GHS 137bn of investor funds to be impacted by government’s debt exchange programme
A total amount of GHS 137bn in invested funds by local investors is to be affected by the announced Domestic Debt Exchange Programme (DDEP) by government.
GHS denominated Notes and Bonds issued by the Republic of Ghana accounts for the largest portion of the domestic debt being GHS 126bn in total value.
GHS denominated bonds issued by E.S.L.A. Plc and Daakye Trust Plc account for GHS 8.3bn and GHS 2.7bn respectively of the total domestic bond value.
The DDEP the country’s Finance Chief Ken Ofori-Atta noted, will require domestic bondholders to exchange their existing debt instruments for new ones.
According to the Finance Minister, existing bonds as of December 1, 2022 will be exchanged for a set of four (4) new bonds maturing 2027, 2029, 2032 and 2037.
The annual coupon on the new bonds will be set at 0% in 2023, 5% in 2024 and 10% from 2025 until maturity.
Addressing journalists on the DDEP during a press briefing on Monday, December 5, the Finance Minister assured that treasury bills are completely exempted from the debt exchange programme and all holders will be paid the full value of their investments on maturity.
Additionally, there will be no haircut on the principal value of bonds.

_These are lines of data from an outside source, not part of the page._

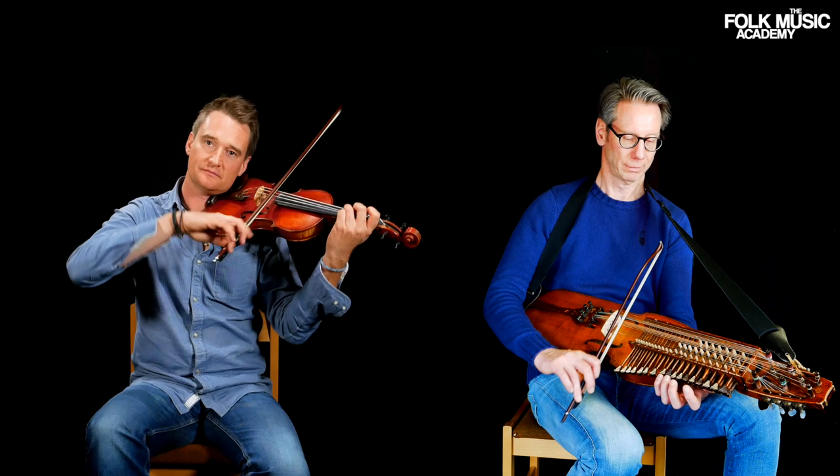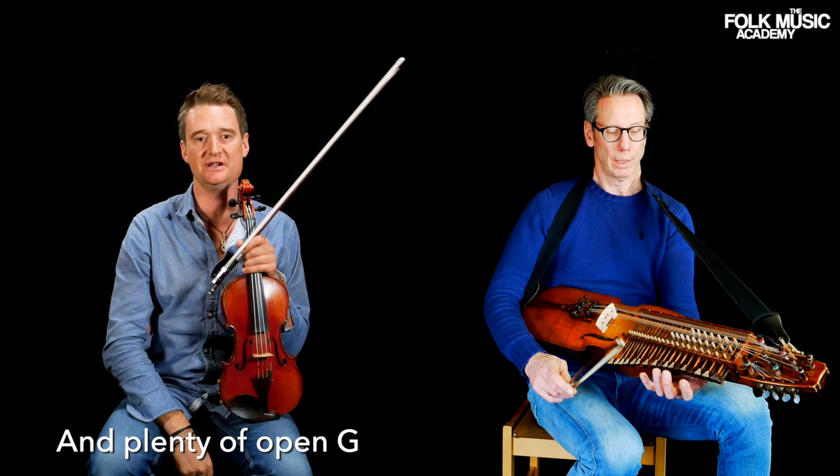And so on, and plenty of open G string droning when you have the chance. So that is Dunderruth — good luck, I hope you like that unusual tune.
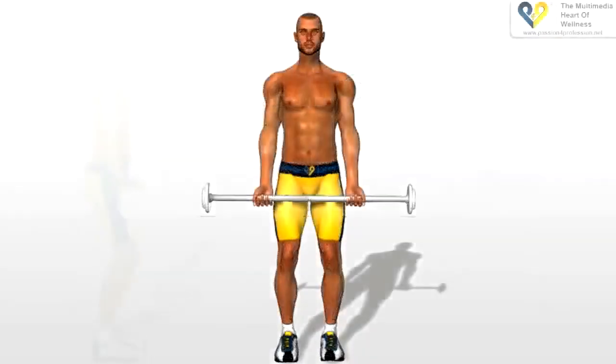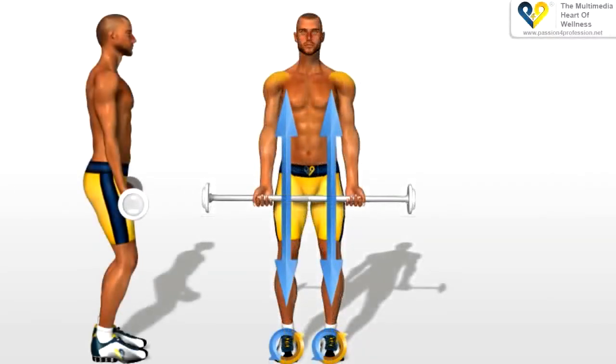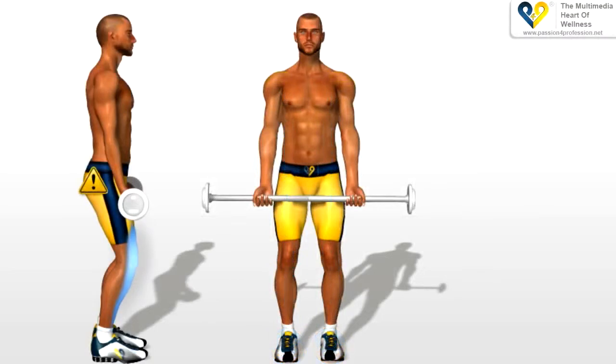Barbell curls. Legs apart the width of the shoulders and slightly bent, so as to avoid loading the weight on your back. Your arms extended down your sides. Keep your torso perfectly straight.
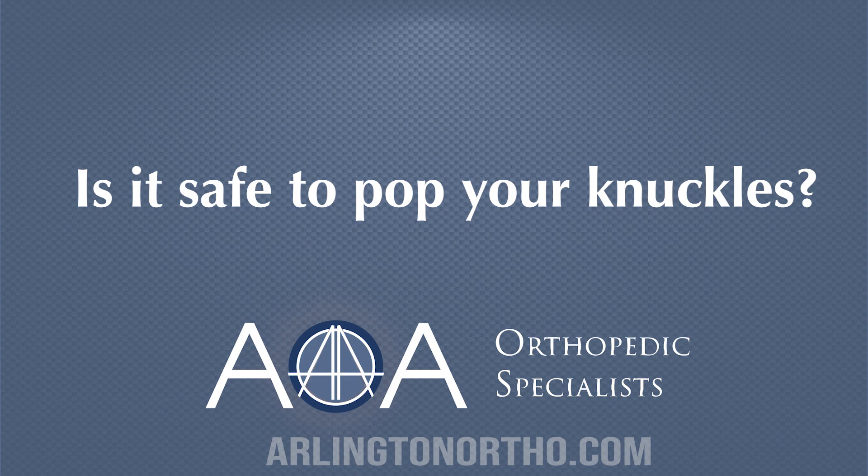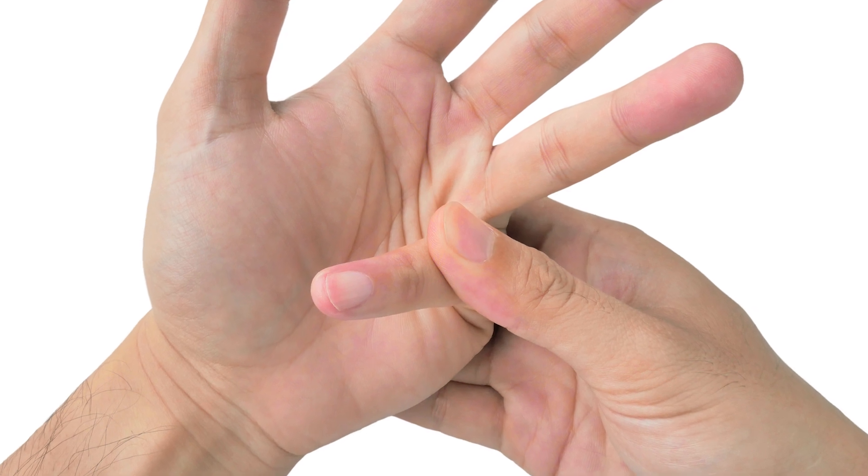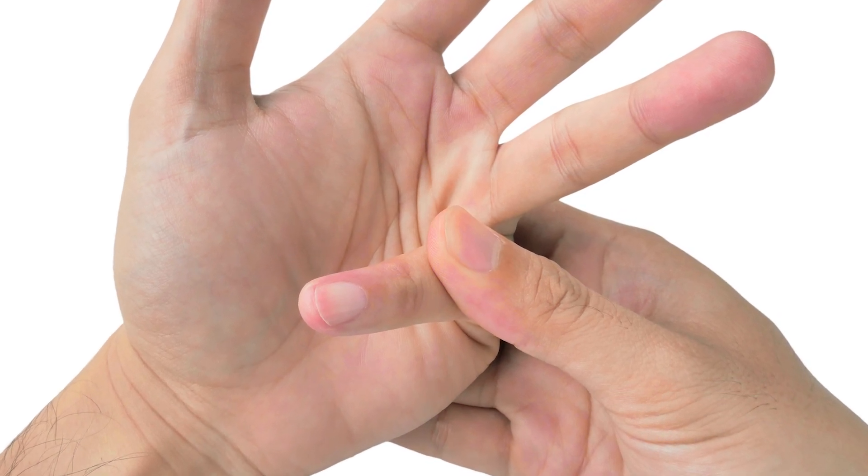People often ask me in the office if it's safe to pop their knuckles. When you're popping your knuckles, what you're doing is creating a vacuum effect in your joint, and that popping is that vacuum effect releasing. So you're actually increasing the pressure inside your joint, which isn't very good for your cartilage.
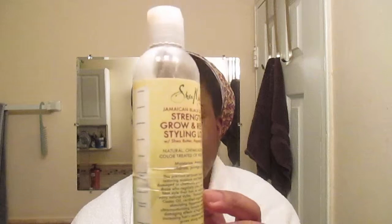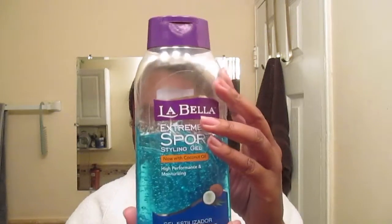Some of the products I'm going to be using for this style are Shea Moisture Strengthen, Grow and Restore styling lotion, and my coconut oil. If you have pure coconut oil, it's actually better to use pure coconut oil, but this is the one I have on hand, and I'm going to use it to seal the product in.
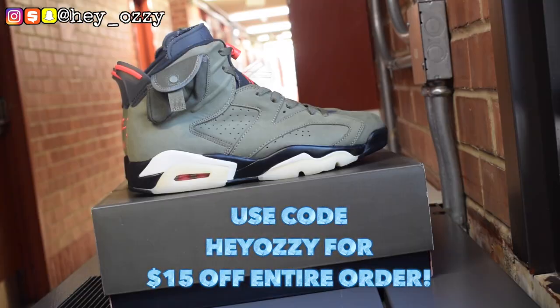Hi guys, my name is Ozzy and today I'm going to be doing a review on the Air Jordan 6 Travis Scott, aka the Cactus Jack. I got this from shooout.ru. If you want to get $10 off your entire order, use my code HEYOZZZY — that's H-E-Y-O-Z-Z-Y. I'm going to put it on the screen and in the comment section as well as the description.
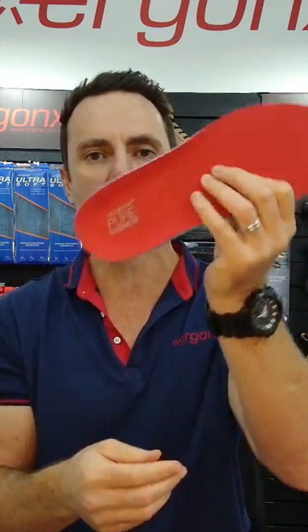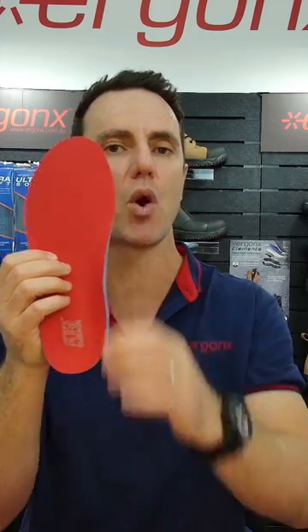Take a look at the Ergonix Pure Cushion if you need an orthotic insole that's very highly cushioned with only moderate arch support.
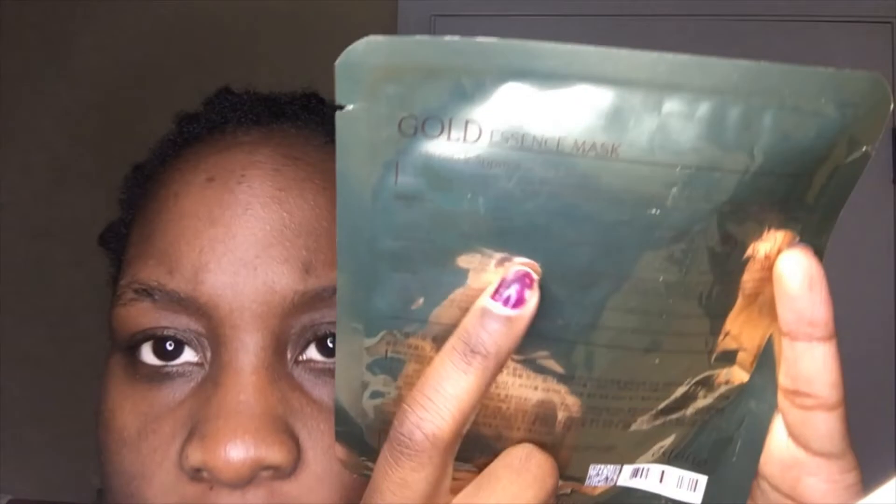The directions say to cleanse the face and apply skin softener, place the mask along the facial line, remove the mask after 15 to 20 minutes, and gently rub the essence on the face until it is completely absorbed. You can tell this is an Asian product because the directions are written in English on one side, and then down here it's written in an Asian language — I'm not sure which one, so I'm not going to say specifically.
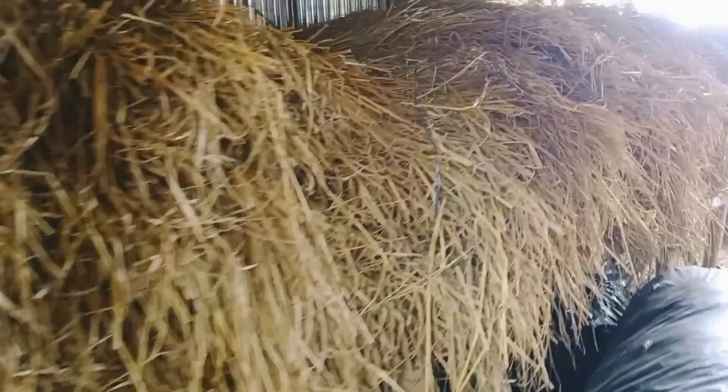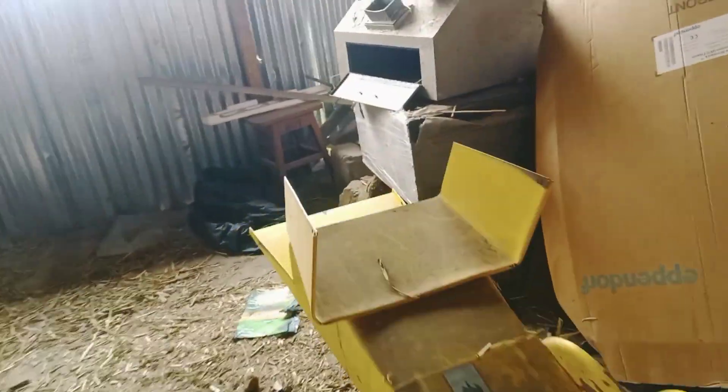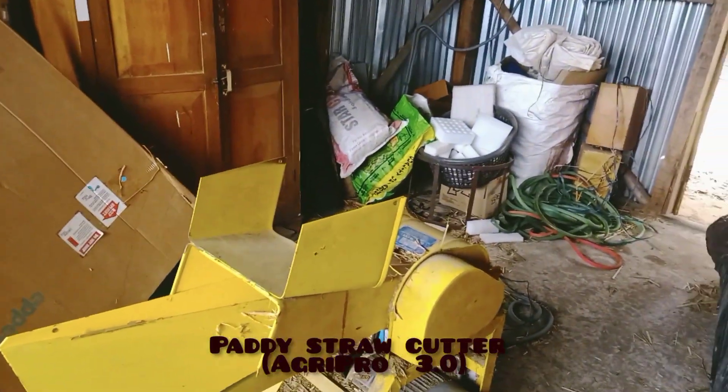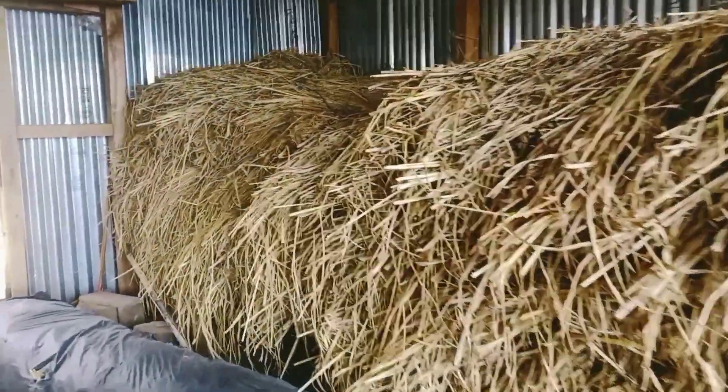These are the paddy straws collected by the Botany Department of Fazal Lake College for mushroom cultivation for our vocational courses. This is a paddy straw cutter for cutting down the straws. Today we are going to start our practical of mushroom cultivation for BSc 6th semester at Fazal Lake College.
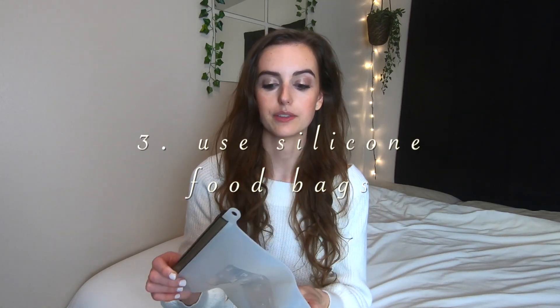Another thing I used to go through a lot was plastic ziploc baggies, particularly the sandwich size — not just for sandwiches, but I would put food in there and store it that way. Luckily now they make silicone reusable washable bags like this, so you can avoid the plastic. I actually still have some plastic baggies that I'm slowly getting through, but I don't intend on repurchasing those in the future now that I have these. These also hold up really well in the freezer, whereas a plastic baggie would not, and they're pretty easy to just wash and rinse out.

To minimize the impact of the debt exchange programme on the financial sector as a whole, the Minister revealed plans
by government to set up a Financial Stability Fund (FSF) with the sole purpose of minimizing the impact of government’s domestic debt exchange programme on the financial sector.
According to the Finance Minister, the FSF established with the help of development partners will provide liquidity support banks, pension funds, insurance companies, fund management companies in the country.
This, he noted in an address on Sunday, December 4, 2022, is to ensure that the financial institutions meet their obligations to the Investing public.
“Government recognizes that our financial institutions holds a substantial proportion of these bonds. As such the potential impact of this exchange on the financial sector has been assessed by their respective regulators.
“Working together, these regulators have pout in place appropriate measures and safeguards to minimize the potential impact on the financial sector and to ensure that financial stability is preserved.
“A Financial Stability Fund is being established by government with the help of development partners to provide liquidity support to banks, pension funds, insurance companies, fund managers and collective investment schemes to ensure that they are able to meet their obligations to clients as they fall due,” quipped the Finance Minister.